▶ SUPPLIED MATERIAL:
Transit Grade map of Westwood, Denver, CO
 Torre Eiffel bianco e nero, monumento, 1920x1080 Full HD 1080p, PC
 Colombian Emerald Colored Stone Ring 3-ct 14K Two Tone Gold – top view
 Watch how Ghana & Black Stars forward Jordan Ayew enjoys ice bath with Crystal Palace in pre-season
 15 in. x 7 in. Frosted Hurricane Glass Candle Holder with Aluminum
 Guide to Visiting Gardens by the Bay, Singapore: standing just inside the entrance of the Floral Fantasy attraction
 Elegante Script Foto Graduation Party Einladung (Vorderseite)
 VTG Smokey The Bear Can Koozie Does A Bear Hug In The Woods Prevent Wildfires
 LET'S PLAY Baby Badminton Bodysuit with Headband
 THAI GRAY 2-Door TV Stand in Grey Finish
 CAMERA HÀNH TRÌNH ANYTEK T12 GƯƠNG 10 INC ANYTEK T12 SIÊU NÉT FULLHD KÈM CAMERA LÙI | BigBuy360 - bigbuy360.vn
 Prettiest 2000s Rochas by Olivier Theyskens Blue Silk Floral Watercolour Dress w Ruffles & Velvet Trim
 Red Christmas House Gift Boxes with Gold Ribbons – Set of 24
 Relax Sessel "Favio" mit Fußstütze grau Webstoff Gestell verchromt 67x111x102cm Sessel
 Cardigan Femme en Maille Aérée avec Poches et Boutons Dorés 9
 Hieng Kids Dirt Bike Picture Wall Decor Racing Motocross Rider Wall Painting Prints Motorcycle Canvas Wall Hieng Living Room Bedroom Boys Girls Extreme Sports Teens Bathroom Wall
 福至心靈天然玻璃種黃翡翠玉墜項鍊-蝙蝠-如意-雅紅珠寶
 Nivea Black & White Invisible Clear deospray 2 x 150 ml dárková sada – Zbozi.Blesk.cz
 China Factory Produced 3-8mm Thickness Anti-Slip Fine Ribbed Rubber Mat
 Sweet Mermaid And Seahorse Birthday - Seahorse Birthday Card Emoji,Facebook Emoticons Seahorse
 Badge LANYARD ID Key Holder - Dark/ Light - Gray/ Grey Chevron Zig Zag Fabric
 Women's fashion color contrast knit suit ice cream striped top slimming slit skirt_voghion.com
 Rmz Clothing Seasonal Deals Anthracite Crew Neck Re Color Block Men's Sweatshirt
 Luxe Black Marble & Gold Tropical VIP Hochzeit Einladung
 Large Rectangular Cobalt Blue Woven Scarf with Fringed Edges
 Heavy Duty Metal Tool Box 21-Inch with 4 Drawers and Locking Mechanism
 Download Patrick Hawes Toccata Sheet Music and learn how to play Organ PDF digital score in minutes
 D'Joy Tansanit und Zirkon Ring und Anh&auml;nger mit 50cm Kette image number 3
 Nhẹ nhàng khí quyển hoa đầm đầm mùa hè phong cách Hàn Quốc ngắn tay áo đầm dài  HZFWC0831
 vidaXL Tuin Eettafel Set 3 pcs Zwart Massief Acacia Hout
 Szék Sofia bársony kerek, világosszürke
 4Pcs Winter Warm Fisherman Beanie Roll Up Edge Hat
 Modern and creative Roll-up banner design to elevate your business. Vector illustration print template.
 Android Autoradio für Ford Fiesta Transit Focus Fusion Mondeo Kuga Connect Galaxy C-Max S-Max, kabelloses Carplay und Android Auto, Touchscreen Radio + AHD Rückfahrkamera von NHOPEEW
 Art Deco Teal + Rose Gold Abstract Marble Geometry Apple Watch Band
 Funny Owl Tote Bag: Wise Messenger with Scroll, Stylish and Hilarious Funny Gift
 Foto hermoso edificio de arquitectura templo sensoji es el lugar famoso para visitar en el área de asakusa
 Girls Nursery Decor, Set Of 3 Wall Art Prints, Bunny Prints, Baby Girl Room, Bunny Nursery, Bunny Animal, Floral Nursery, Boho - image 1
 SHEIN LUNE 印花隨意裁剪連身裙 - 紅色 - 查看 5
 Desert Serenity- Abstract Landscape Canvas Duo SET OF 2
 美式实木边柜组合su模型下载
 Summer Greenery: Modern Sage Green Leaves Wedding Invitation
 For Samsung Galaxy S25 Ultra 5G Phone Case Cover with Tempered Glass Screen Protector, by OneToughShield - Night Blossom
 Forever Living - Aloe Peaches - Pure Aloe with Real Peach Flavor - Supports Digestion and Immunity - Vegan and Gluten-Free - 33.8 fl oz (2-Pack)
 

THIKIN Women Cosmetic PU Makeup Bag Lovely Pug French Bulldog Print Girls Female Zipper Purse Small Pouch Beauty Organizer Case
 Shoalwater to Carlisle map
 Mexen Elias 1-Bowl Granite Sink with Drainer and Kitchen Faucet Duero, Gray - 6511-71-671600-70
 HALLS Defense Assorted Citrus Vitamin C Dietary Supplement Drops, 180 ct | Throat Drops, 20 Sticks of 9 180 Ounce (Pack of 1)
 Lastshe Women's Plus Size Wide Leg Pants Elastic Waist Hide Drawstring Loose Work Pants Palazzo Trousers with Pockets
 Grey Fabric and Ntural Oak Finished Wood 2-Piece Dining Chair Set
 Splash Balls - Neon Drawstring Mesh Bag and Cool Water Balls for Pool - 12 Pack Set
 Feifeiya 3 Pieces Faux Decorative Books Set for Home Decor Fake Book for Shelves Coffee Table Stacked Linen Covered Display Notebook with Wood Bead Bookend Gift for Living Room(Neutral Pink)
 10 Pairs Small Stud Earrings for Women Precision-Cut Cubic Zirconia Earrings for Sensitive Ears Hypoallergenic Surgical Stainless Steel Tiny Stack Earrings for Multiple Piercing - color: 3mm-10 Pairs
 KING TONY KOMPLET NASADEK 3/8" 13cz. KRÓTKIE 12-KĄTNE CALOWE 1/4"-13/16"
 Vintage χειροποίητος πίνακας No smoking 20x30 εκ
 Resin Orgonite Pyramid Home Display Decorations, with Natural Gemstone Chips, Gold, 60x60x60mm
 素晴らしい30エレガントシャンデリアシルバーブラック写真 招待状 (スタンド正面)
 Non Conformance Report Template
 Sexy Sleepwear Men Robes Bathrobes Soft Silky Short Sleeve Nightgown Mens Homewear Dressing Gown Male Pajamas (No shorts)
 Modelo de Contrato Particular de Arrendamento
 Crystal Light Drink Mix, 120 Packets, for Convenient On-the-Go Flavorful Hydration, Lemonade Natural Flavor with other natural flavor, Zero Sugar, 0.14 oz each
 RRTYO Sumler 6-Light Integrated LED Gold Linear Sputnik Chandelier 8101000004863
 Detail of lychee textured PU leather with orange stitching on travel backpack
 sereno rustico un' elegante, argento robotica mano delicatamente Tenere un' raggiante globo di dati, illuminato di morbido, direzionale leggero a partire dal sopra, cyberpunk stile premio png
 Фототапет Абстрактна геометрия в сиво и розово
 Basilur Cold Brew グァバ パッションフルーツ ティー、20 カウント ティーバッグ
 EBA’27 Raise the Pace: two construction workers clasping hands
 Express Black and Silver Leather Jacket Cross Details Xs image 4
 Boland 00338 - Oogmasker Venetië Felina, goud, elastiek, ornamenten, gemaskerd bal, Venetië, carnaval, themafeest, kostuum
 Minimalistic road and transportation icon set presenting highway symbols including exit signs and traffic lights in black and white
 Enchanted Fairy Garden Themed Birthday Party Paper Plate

▶ ASSIGNMENT:
Line by line, transcribe the material exactly.

▶ WRITTEN ANSWER:
Transit Grade map of Westwood, Denver, CO
 Torre Eiffel bianco e nero, monumento, 1920x1080 Full HD 1080p, PC
 Colombian Emerald Colored Stone Ring 3-ct 14K Two Tone Gold – top view
 Watch how Ghana & Black Stars forward Jordan Ayew enjoys ice bath with Crystal Palace in pre-season
 15 in. x 7 in. Frosted Hurricane Glass Candle Holder with Aluminum
 Guide to Visiting Gardens by the Bay, Singapore: standing just inside the entrance of the Floral Fantasy attraction
 Elegante Script Foto Graduation Party Einladung (Vorderseite)
 VTG Smokey The Bear Can Koozie Does A Bear Hug In The Woods Prevent Wildfires
 LET'S PLAY Baby Badminton Bodysuit with Headband
 THAI GRAY 2-Door TV Stand in Grey Finish
 CAMERA HÀNH TRÌNH ANYTEK T12 GƯƠNG 10 INC ANYTEK T12 SIÊU NÉT FULLHD KÈM CAMERA LÙI | BigBuy360 - bigbuy360.vn
 Prettiest 2000s Rochas by Olivier Theyskens Blue Silk Floral Watercolour Dress w Ruffles & Velvet Trim
 Red Christmas House Gift Boxes with Gold Ribbons – Set of 24
 Relax Sessel "Favio" mit Fußstütze grau Webstoff Gestell verchromt 67x111x102cm Sessel
 Cardigan Femme en Maille Aérée avec Poches et Boutons Dorés 9
 Hieng Kids Dirt Bike Picture Wall Decor Racing Motocross Rider Wall Painting Prints Motorcycle Canvas Wall Hieng Living Room Bedroom Boys Girls Extreme Sports Teens Bathroom Wall
 福至心靈天然玻璃種黃翡翠玉墜項鍊-蝙蝠-如意-雅紅珠寶
 Nivea Black & White Invisible Clear deospray 2 x 150 ml dárková sada – Zbozi.Blesk.cz
 China Factory Produced 3-8mm Thickness Anti-Slip Fine Ribbed Rubber Mat
 Sweet Mermaid And Seahorse Birthday - Seahorse Birthday Card Emoji,Facebook Emoticons Seahorse
 Badge LANYARD ID Key Holder - Dark/ Light - Gray/ Grey Chevron Zig Zag Fabric
 Women's fashion color contrast knit suit ice cream striped top slimming slit skirt_voghion.com
 Rmz Clothing Seasonal Deals Anthracite Crew Neck Re Color Block Men's Sweatshirt
 Luxe Black Marble & Gold Tropical VIP Hochzeit Einladung
 Large Rectangular Cobalt Blue Woven Scarf with Fringed Edges
 Heavy Duty Metal Tool Box 21-Inch with 4 Drawers and Locking Mechanism
 Download Patrick Hawes Toccata Sheet Music and learn how to play Organ PDF digital score in minutes
 D'Joy Tansanit und Zirkon Ring und Anh&auml;nger mit 50cm Kette image number 3
 Nhẹ nhàng khí quyển hoa đầm đầm mùa hè phong cách Hàn Quốc ngắn tay áo đầm dài  HZFWC0831
 vidaXL Tuin Eettafel Set 3 pcs Zwart Massief Acacia Hout
 Szék Sofia bársony kerek, világosszürke
 4Pcs Winter Warm Fisherman Beanie Roll Up Edge Hat
 Modern and creative Roll-up banner design to elevate your business. Vector illustration print template.
 Android Autoradio für Ford Fiesta Transit Focus Fusion Mondeo Kuga Connect Galaxy C-Max S-Max, kabelloses Carplay und Android Auto, Touchscreen Radio + AHD Rückfahrkamera von NHOPEEW
 Art Deco Teal + Rose Gold Abstract Marble Geometry Apple Watch Band
 Funny Owl Tote Bag: Wise Messenger with Scroll, Stylish and Hilarious Funny Gift
 Foto hermoso edificio de arquitectura templo sensoji es el lugar famoso para visitar en el área de asakusa
 Girls Nursery Decor, Set Of 3 Wall Art Prints, Bunny Prints, Baby Girl Room, Bunny Nursery, Bunny Animal, Floral Nursery, Boho - image 1
 SHEIN LUNE 印花隨意裁剪連身裙 - 紅色 - 查看 5
 Desert Serenity- Abstract Landscape Canvas Duo SET OF 2
 美式实木边柜组合su模型下载
 Summer Greenery: Modern Sage Green Leaves Wedding Invitation
 For Samsung Galaxy S25 Ultra 5G Phone Case Cover with Tempered Glass Screen Protector, by OneToughShield - Night Blossom
 Forever Living - Aloe Peaches - Pure Aloe with Real Peach Flavor - Supports Digestion and Immunity - Vegan and Gluten-Free - 33.8 fl oz (2-Pack)
 

THIKIN Women Cosmetic PU Makeup Bag Lovely Pug French Bulldog Print Girls Female Zipper Purse Small Pouch Beauty Organizer Case
 Shoalwater to Carlisle map
 Mexen Elias 1-Bowl Granite Sink with Drainer and Kitchen Faucet Duero, Gray - 6511-71-671600-70
 HALLS Defense Assorted Citrus Vitamin C Dietary Supplement Drops, 180 ct | Throat Drops, 20 Sticks of 9 180 Ounce (Pack of 1)
 Lastshe Women's Plus Size Wide Leg Pants Elastic Waist Hide Drawstring Loose Work Pants Palazzo Trousers with Pockets
 Grey Fabric and Ntural Oak Finished Wood 2-Piece Dining Chair Set
 Splash Balls - Neon Drawstring Mesh Bag and Cool Water Balls for Pool - 12 Pack Set
 Feifeiya 3 Pieces Faux Decorative Books Set for Home Decor Fake Book for Shelves Coffee Table Stacked Linen Covered Display Notebook with Wood Bead Bookend Gift for Living Room(Neutral Pink)
 10 Pairs Small Stud Earrings for Women Precision-Cut Cubic Zirconia Earrings for Sensitive Ears Hypoallergenic Surgical Stainless Steel Tiny Stack Earrings for Multiple Piercing - color: 3mm-10 Pairs
 KING TONY KOMPLET NASADEK 3/8" 13cz. KRÓTKIE 12-KĄTNE CALOWE 1/4"-13/16"
 Vintage χειροποίητος πίνακας No smoking 20x30 εκ
 Resin Orgonite Pyramid Home Display Decorations, with Natural Gemstone Chips, Gold, 60x60x60mm
 素晴らしい30エレガントシャンデリアシルバーブラック写真 招待状 (スタンド正面)
 Non Conformance Report Template
 Sexy Sleepwear Men Robes Bathrobes Soft Silky Short Sleeve Nightgown Mens Homewear Dressing Gown Male Pajamas (No shorts)
 Modelo de Contrato Particular de Arrendamento
 Crystal Light Drink Mix, 120 Packets, for Convenient On-the-Go Flavorful Hydration, Lemonade Natural Flavor with other natural flavor, Zero Sugar, 0.14 oz each
 RRTYO Sumler 6-Light Integrated LED Gold Linear Sputnik Chandelier 8101000004863
 Detail of lychee textured PU leather with orange stitching on travel backpack
 sereno rustico un' elegante, argento robotica mano delicatamente Tenere un' raggiante globo di dati, illuminato di morbido, direzionale leggero a partire dal sopra, cyberpunk stile premio png
 Фототапет Абстрактна геометрия в сиво и розово
 Basilur Cold Brew グァバ パッションフルーツ ティー、20 カウント ティーバッグ
 EBA’27 Raise the Pace: two construction workers clasping hands
 Express Black and Silver Leather Jacket Cross Details Xs image 4
 Boland 00338 - Oogmasker Venetië Felina, goud, elastiek, ornamenten, gemaskerd bal, Venetië, carnaval, themafeest, kostuum
 Minimalistic road and transportation icon set presenting highway symbols including exit signs and traffic lights in black and white
 Enchanted Fairy Garden Themed Birthday Party Paper Plate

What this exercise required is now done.